Wage growth in the construction industry has exceeded growth levels in all other industries in the third quarter of 2016, per the Q3 2016 ADP Research Institute® Workforce Vitality Report (WVR). This 7.2 percent wage growth in Q3 continues a three-year positive wage trajectory. Although there is a shortage of skilled labor, that has driven demand for workers and has only put more pressure on employers to continue raising wages.

Let's take a look at what's driving this demand.

More Households Have Better Access to Credit

We've come a long way since the implosion of the U.S. housing market in 2008. Access to credit has loosened substantially, enabling more people the ability to purchase homes. According to the U.S. Census Bureau, American new home construction is showing promise— privately-owned housing starts in October 2016 were at a seasonally-adjusted annual rate of 1.2 million. Although many new homes are coming to market, housing supply continues to lag behind demand, according to the Urban Institute. In other words, the construction business is on the rise and will likely continue its trend.

Businesses Are Expanding

As employment numbers continue to improve nationally, many businesses are looking to expand current facilities or build new ones. The health services sector is one example. The National Center of Policy Analysis reports that health services employment continues to grow while health service organizations are looking to expand facilities and construct additional facilities.
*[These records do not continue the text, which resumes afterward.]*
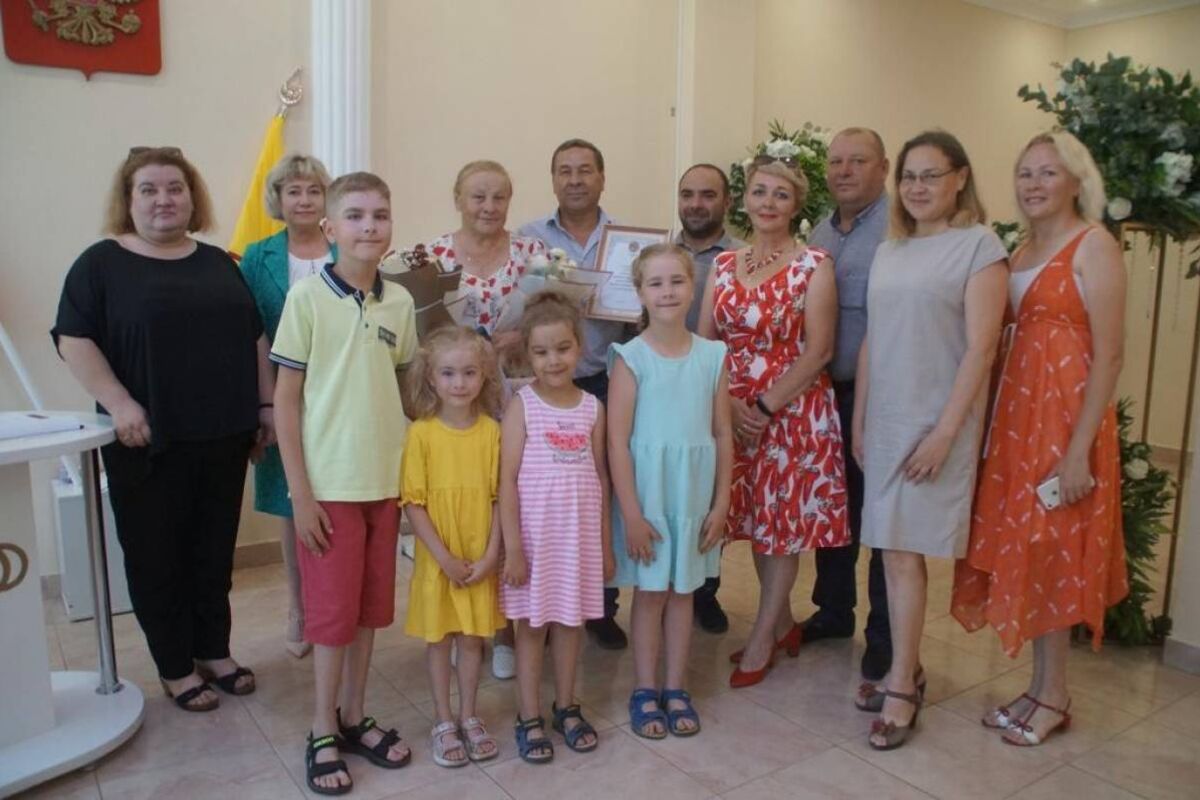 Депутаты поздравляют!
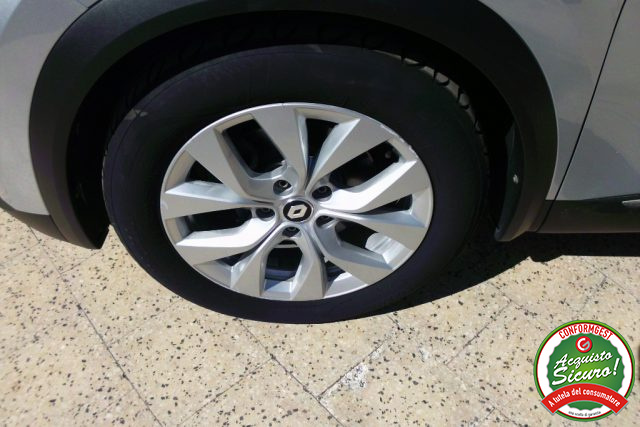 RENAULT Captur usata, con Autoradio digitale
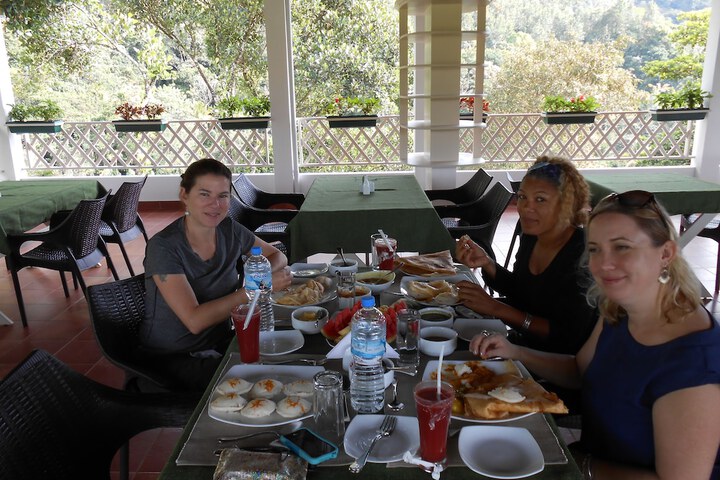 Dining 25 of 60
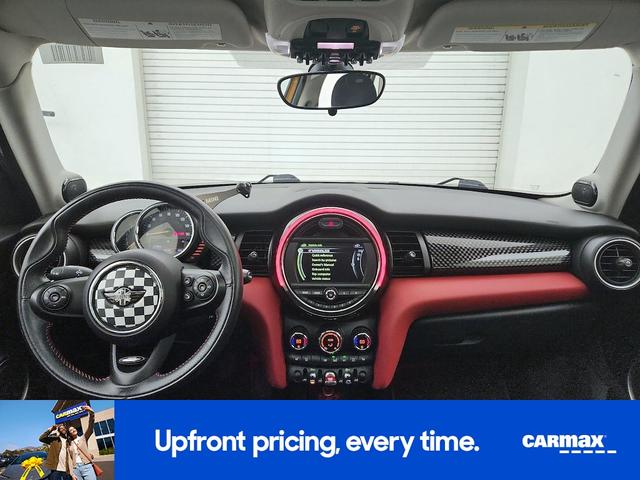 Photo of 2015 Orange MINI Hardtop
Increased employment often brings a boost in construction, with many employers expanding to accommodate new employees. Additionally, the communities in which they build often see a halo effect from expanded economic activity due to a larger employment population. It should be no surprise that, in the current climate of growing employment, Dodge Data & Analytics reports increased growth in commercial and institutional construction.

Green Construction Leads the Way

Green construction is leading the way in construction wage growth. The green building industry is outpacing overall construction growth in the U.S. in terms of employment and compensation, according to the Bureau of Labor Statistics (BLS). By 2018, the U.S. Green Building Council the council predicts more than three million jobs and $190 billion in labor earnings will come from green construction. This growth is due in large part to the reductions in operating cost that organizations find in energy efficient buildings.

Increased Demand Means Increased Wages

Taking a broader view, all of this increased demand exerts upward pressure on wages. As demand for construction increases, so does demand for skilled construction workers. An increased desire for workers with specialized skills drives up compensation, contributing to the construction industry's continued wage growth.

Even though there have been a few monthly declines in employment in the construction industry over the past year, per the ADP National Employment Report, a labor shortage in skilled construction workers has caused an increase in wages, hours and in-house training according to Construction Dive. Together, they will continue to produce wage growth for the construction industry.

This situation in construction holds true when these factors are present in other industries. Businesses competing for employees in a tight labor market need to be willing to differentiate themselves among candidates by providing higher pay or hours. Another option is to be ready and willing to provide unskilled candidates the type of training that turns them into stronger employees.